Each record needs to be transcribed word for word, though without its pictures.

#### EXERCISE MATERIAL ####

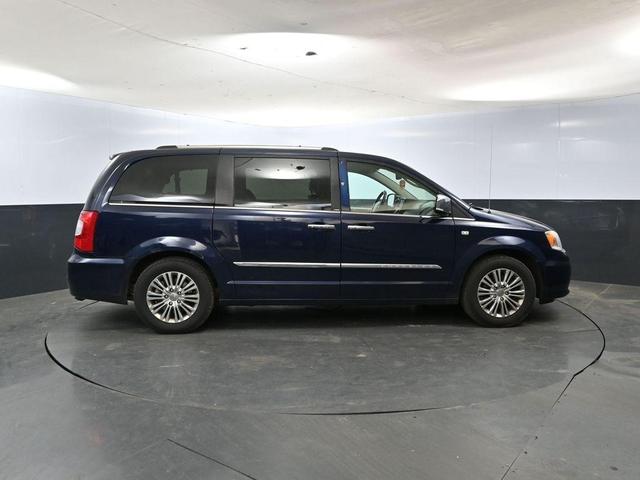 Photo of 2014 True Blue Pearlcoat Chrysler Town & Country
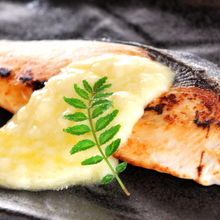 Załaduj obraz do przeglądarki galerii, Saikyo Shiro Miso Jyosen (Pasta z białej sfermentowanej soi) 500g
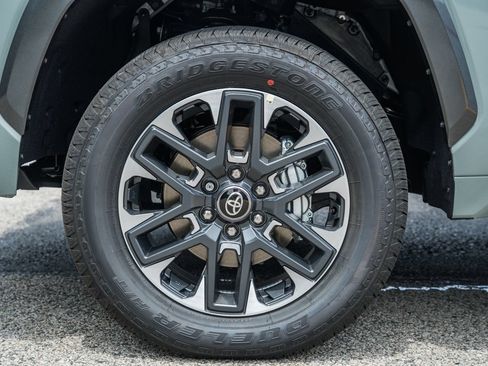 New 2026 Toyota Tundra Limited AWD/4WD image 17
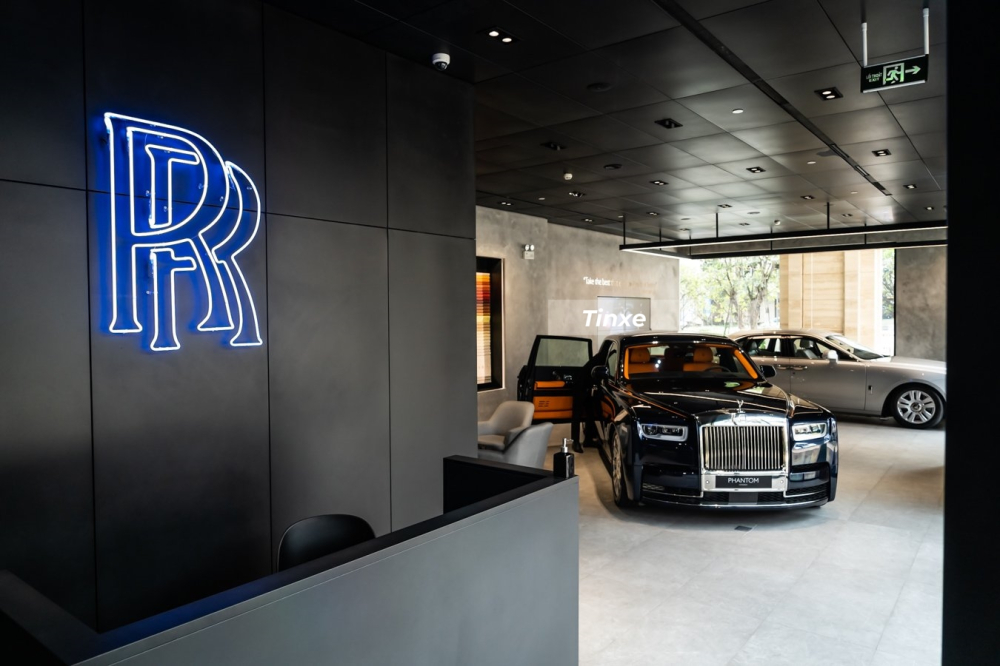Rolls-Royce Việt Nam chính thức khai trương đại lý đầu tiên ở Sài thành sau nhiều năm kinh doanh ngoài Hà Nội Rolls-Royce Việt Nam chính thức khai trương đại lý đầu tiên ở Sài thành sau nhiều năm kinh doanh ngoài Hà Nội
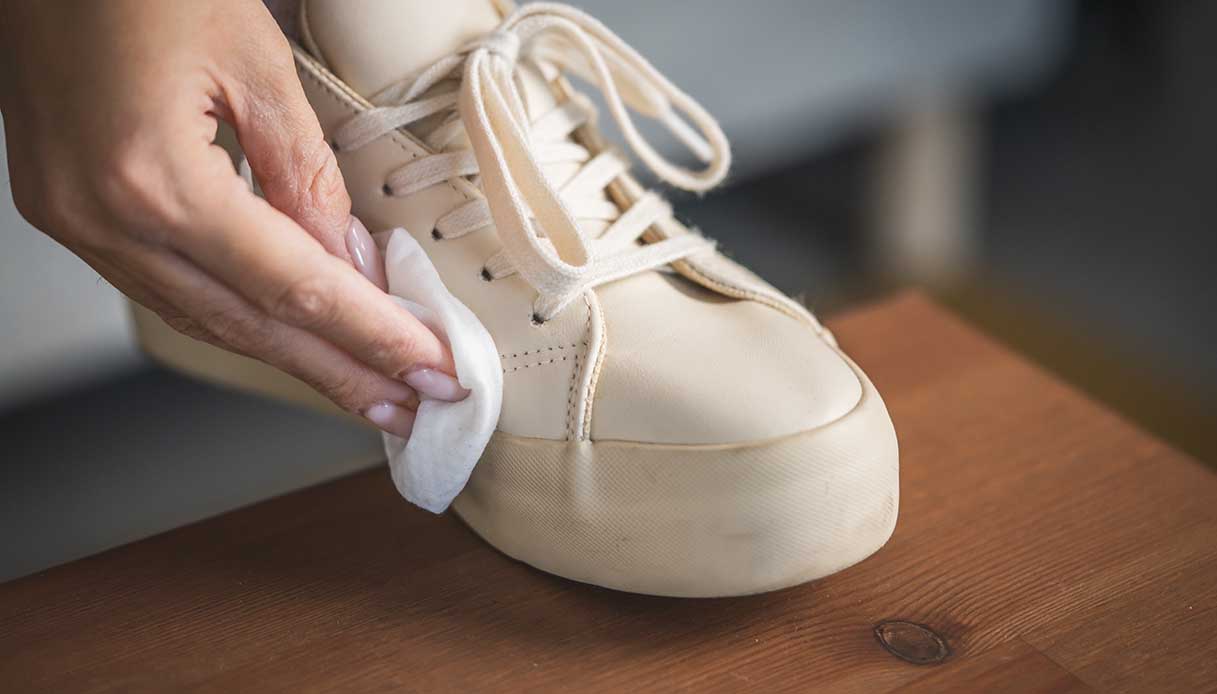 Come togliere la cera dalle scarpe: il metodo che mi ha insegnato mia mamma e altri rimedi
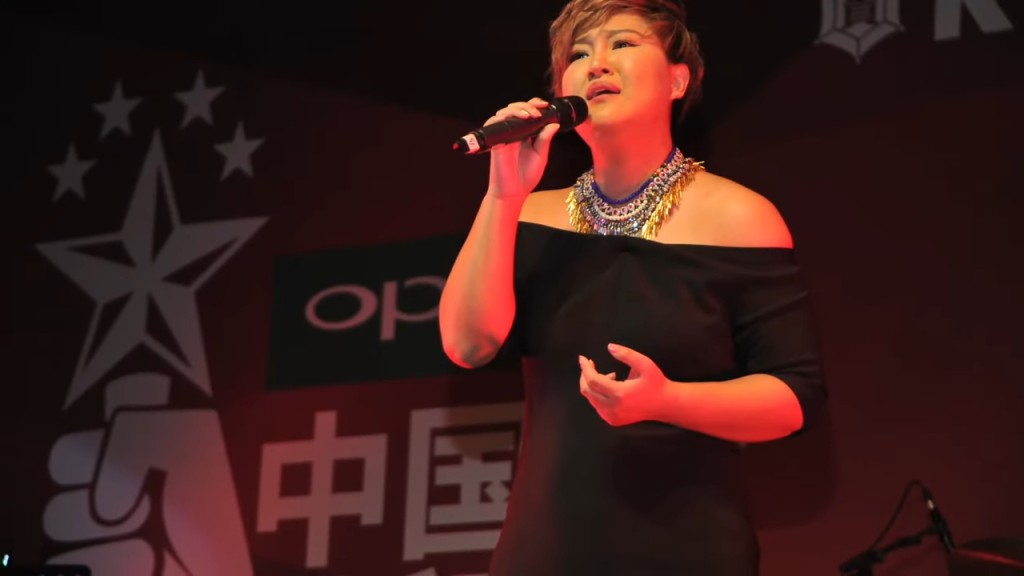 安雅希曾参加《中国新歌声》。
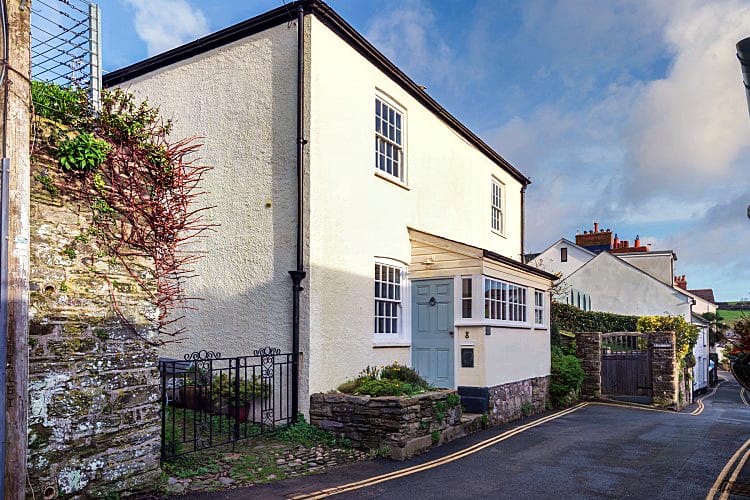 More information about Court Cottage - ideal for a family holiday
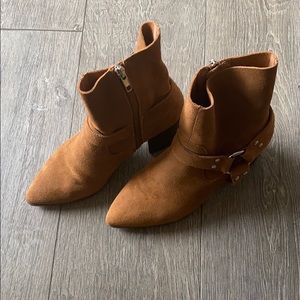 Brown suede Steven Madden booties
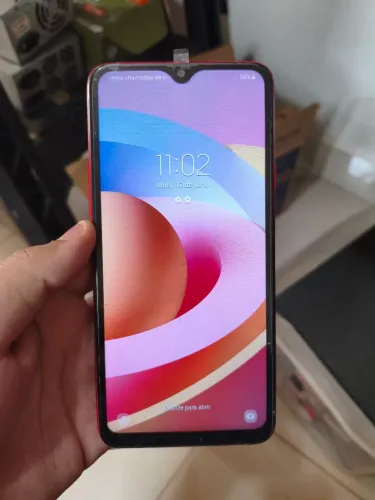 Celular Samsung A20s quebra galho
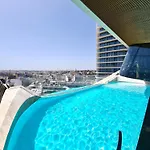 Mercury One Bedroom Haven With Fantastic Views Appartement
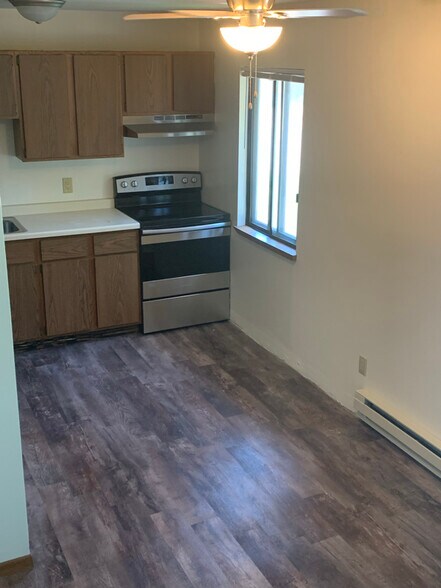 Building Photo - 2018 N Sherman Ave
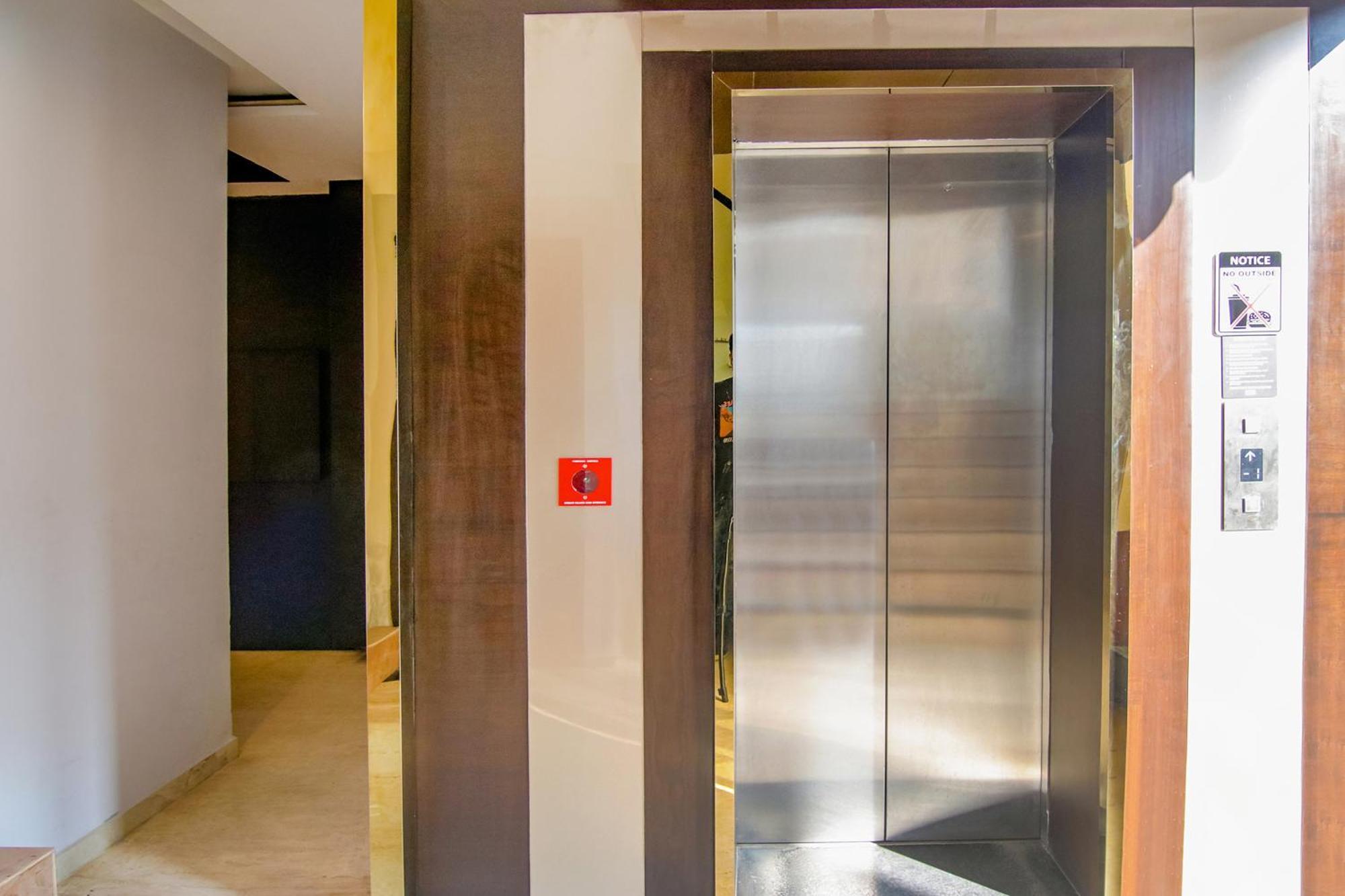 Fabhotel Prime K9 Crown Ludhiana Exterior photo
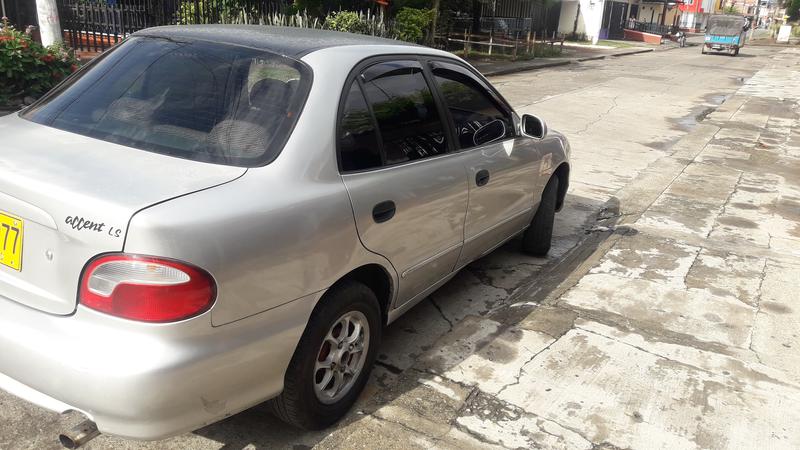 Hyundai Accent • 1998 • 256,000 km 1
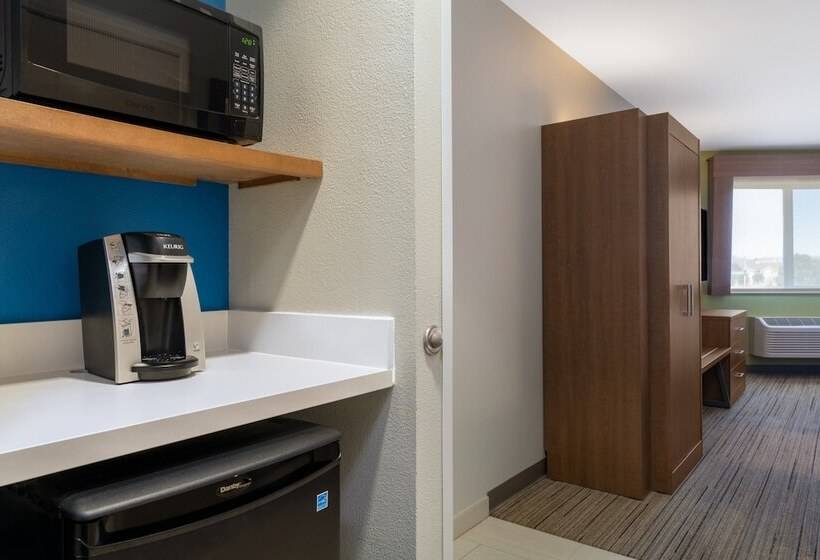 ホテル Holiday Inn Express & Suites Colorado Springs Airport, An Ihg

####

RESPONSE
 Photo of 2014 True Blue Pearlcoat Chrysler Town & Country
 Załaduj obraz do przeglądarki galerii, Saikyo Shiro Miso Jyosen (Pasta z białej sfermentowanej soi) 500g
 New 2026 Toyota Tundra Limited AWD/4WD image 17
Rolls-Royce Việt Nam chính thức khai trương đại lý đầu tiên ở Sài thành sau nhiều năm kinh doanh ngoài Hà Nội Rolls-Royce Việt Nam chính thức khai trương đại lý đầu tiên ở Sài thành sau nhiều năm kinh doanh ngoài Hà Nội
 Come togliere la cera dalle scarpe: il metodo che mi ha insegnato mia mamma e altri rimedi
 安雅希曾参加《中国新歌声》。
 More information about Court Cottage - ideal for a family holiday
 Brown suede Steven Madden booties
 Celular Samsung A20s quebra galho
 Mercury One Bedroom Haven With Fantastic Views Appartement
 Building Photo - 2018 N Sherman Ave
 Fabhotel Prime K9 Crown Ludhiana Exterior photo
 Hyundai Accent • 1998 • 256,000 km 1
 ホテル Holiday Inn Express & Suites Colorado Springs Airport, An Ihg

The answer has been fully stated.